EXTRACTED MATERIAL =>
━━━━━━━━━━━━━━━━━━━━━━━━━━━━━━

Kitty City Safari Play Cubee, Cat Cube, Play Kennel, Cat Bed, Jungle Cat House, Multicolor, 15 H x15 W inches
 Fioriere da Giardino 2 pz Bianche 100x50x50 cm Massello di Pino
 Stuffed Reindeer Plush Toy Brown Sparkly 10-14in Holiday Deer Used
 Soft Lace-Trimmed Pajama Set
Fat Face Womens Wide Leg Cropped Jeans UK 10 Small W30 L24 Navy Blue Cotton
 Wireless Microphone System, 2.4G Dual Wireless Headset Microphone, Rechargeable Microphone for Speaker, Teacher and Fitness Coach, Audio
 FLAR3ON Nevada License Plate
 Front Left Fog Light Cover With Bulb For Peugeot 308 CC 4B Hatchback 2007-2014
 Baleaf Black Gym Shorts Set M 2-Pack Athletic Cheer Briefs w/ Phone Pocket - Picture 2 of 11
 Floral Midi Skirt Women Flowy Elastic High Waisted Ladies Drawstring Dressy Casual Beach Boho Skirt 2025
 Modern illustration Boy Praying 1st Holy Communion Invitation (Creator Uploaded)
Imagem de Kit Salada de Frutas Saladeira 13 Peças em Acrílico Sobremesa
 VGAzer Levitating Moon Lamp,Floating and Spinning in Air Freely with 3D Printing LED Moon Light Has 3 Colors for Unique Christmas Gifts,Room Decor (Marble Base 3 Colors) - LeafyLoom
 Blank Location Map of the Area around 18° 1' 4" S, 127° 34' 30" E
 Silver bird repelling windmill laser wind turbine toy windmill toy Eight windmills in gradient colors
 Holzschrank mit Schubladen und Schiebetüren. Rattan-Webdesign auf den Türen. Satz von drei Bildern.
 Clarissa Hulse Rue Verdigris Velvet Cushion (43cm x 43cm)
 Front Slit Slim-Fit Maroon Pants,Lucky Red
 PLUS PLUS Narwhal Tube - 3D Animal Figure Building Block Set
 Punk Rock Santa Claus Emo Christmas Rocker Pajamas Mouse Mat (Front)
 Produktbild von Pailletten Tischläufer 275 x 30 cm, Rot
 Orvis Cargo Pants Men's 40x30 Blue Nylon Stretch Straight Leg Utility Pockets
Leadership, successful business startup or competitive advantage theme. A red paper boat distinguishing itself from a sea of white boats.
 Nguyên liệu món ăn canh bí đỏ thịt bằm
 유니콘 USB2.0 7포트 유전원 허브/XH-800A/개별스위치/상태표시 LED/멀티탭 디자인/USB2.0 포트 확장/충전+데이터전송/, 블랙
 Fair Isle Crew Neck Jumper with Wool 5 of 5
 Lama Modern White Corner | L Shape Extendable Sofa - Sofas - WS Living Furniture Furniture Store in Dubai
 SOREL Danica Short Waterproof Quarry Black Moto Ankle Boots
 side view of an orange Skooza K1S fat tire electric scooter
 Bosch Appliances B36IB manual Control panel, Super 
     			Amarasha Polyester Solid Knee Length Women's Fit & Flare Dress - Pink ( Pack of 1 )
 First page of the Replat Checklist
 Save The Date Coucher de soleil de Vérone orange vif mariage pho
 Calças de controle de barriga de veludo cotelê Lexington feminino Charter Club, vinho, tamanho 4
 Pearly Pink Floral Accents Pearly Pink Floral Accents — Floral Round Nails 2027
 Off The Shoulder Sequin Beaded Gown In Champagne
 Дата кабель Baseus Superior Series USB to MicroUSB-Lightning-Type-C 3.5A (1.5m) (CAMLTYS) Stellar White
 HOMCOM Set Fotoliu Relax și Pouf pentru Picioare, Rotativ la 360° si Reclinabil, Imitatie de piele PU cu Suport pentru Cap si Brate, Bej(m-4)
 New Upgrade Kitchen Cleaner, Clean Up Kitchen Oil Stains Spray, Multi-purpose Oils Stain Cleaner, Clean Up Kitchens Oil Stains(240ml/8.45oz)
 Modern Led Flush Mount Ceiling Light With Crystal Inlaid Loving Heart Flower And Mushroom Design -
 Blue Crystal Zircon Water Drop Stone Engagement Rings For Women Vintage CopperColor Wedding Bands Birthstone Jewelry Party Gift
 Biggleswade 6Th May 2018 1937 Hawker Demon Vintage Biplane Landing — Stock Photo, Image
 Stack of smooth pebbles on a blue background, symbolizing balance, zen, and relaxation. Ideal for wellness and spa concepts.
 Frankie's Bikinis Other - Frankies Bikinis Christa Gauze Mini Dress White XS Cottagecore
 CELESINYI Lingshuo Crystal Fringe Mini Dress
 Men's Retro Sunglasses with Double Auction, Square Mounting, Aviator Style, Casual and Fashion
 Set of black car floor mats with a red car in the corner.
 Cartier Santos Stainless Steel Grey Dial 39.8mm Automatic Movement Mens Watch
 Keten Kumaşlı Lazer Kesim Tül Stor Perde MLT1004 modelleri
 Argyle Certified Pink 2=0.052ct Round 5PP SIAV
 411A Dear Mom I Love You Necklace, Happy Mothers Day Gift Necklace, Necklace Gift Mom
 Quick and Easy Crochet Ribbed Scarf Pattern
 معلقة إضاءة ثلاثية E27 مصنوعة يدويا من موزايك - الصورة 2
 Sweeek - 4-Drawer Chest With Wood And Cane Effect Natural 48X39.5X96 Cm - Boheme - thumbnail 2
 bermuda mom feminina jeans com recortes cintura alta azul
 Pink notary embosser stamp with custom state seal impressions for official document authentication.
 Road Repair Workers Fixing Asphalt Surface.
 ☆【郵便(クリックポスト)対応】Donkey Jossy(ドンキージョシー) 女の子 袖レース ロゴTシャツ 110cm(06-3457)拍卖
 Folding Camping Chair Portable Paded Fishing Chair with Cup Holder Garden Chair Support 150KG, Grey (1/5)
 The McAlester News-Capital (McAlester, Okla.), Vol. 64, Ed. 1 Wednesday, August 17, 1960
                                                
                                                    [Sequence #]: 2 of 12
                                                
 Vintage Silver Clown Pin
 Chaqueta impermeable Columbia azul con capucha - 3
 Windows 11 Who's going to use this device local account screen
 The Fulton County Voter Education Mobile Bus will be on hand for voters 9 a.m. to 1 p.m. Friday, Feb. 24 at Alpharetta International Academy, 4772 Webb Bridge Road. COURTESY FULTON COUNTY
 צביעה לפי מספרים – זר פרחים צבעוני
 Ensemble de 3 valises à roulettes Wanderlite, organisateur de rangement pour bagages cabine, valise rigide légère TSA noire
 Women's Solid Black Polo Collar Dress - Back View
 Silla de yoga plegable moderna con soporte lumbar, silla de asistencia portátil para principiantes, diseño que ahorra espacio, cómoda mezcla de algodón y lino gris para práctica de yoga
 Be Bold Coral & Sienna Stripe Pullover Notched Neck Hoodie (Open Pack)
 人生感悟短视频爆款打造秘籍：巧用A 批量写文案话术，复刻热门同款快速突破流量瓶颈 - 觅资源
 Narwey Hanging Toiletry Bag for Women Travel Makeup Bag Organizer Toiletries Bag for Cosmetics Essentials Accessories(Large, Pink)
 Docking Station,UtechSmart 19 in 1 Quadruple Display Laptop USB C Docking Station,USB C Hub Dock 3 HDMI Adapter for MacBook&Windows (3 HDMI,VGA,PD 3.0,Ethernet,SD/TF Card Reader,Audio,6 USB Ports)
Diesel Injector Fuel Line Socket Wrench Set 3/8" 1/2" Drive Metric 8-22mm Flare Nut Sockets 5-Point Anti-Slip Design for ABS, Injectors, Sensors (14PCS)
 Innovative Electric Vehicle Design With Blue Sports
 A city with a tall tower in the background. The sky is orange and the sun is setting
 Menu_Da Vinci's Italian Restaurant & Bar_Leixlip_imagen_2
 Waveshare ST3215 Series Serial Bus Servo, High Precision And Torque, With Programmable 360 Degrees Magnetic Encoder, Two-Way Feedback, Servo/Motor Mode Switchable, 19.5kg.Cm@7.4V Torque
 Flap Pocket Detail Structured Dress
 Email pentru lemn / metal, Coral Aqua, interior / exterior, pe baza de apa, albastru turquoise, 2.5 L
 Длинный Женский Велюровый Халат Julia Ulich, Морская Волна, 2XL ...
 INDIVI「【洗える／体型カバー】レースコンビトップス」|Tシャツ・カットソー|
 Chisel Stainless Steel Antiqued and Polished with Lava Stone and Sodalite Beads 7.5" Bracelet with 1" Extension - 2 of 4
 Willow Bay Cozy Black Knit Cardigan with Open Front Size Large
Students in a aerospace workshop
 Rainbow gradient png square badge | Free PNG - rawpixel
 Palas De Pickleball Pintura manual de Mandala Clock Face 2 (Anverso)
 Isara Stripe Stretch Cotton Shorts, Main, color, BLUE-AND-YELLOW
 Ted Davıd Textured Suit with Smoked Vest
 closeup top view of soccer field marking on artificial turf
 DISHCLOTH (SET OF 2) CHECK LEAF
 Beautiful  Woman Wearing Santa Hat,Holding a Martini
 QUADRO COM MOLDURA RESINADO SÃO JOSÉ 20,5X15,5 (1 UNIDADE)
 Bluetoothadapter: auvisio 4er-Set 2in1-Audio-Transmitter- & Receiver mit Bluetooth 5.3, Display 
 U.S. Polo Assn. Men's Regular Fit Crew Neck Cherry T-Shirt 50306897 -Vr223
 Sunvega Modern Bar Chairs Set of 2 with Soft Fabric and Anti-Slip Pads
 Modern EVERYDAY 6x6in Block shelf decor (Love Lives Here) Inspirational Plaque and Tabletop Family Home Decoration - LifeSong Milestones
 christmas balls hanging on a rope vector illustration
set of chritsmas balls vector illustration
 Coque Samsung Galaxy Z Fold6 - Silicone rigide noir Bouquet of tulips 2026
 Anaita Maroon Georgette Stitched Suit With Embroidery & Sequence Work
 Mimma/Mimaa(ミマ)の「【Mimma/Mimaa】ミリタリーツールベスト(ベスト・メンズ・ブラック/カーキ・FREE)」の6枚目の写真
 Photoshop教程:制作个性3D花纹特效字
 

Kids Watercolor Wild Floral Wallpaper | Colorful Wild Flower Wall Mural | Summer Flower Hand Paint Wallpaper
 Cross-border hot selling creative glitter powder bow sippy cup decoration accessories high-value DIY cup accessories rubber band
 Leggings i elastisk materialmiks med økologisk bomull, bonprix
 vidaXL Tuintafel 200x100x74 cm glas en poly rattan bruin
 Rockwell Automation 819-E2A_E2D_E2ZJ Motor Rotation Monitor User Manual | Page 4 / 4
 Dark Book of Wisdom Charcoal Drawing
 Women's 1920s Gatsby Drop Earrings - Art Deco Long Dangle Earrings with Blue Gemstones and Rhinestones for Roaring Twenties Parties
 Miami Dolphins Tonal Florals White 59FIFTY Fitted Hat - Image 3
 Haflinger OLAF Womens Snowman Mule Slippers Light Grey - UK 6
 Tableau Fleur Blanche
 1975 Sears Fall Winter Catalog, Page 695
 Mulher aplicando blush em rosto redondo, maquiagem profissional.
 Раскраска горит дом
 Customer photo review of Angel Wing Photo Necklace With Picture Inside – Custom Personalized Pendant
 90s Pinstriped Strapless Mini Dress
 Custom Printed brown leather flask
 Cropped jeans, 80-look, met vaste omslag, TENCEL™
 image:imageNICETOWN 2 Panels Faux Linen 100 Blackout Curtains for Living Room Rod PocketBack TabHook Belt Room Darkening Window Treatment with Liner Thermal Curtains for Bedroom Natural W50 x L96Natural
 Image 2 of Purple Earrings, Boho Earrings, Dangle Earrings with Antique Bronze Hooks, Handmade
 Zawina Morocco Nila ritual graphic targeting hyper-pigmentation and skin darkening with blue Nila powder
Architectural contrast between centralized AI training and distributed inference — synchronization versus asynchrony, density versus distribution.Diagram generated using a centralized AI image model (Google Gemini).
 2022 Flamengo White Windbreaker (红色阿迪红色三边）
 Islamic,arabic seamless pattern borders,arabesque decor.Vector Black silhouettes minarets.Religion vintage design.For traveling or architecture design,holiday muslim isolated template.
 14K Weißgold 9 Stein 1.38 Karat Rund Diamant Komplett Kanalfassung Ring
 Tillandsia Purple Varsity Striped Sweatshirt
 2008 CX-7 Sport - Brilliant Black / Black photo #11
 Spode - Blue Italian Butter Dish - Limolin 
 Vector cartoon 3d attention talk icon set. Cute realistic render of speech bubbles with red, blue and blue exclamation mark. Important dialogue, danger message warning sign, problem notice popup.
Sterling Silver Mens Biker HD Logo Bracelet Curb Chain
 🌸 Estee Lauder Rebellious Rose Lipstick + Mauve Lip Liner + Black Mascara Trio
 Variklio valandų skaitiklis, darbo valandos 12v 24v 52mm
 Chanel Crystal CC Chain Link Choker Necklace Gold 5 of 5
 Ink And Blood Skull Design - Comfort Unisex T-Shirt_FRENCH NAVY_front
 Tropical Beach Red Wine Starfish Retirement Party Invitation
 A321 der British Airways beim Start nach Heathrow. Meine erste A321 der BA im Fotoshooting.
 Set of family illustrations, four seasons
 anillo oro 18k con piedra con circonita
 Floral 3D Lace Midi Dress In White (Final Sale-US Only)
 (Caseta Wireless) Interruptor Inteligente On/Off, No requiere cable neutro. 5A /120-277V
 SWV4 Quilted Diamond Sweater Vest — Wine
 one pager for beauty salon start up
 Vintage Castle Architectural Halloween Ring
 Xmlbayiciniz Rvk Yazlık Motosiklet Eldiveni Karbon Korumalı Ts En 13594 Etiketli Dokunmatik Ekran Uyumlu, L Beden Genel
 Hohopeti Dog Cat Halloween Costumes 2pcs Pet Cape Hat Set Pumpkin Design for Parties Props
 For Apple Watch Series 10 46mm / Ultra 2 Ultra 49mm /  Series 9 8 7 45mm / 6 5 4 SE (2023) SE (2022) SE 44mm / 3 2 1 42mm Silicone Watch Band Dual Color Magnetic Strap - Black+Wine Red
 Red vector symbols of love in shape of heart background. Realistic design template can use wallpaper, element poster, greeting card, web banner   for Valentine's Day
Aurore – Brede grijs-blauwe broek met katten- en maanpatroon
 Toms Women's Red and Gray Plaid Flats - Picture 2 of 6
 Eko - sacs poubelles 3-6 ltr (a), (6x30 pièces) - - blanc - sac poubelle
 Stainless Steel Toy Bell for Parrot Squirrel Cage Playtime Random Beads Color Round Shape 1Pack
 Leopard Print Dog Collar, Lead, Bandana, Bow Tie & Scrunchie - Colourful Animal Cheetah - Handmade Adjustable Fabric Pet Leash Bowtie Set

━━━━━━━━━━━━━━━━━━━━━━━━━━━━━━

Word for word, restate the data above from its first line down to and including the line with "Soft Lace-Trimmed Pajama Set".

FINAL ANSWER =>
Kitty City Safari Play Cubee, Cat Cube, Play Kennel, Cat Bed, Jungle Cat House, Multicolor, 15 H x15 W inches
 Fioriere da Giardino 2 pz Bianche 100x50x50 cm Massello di Pino
 Stuffed Reindeer Plush Toy Brown Sparkly 10-14in Holiday Deer Used
 Soft Lace-Trimmed Pajama Set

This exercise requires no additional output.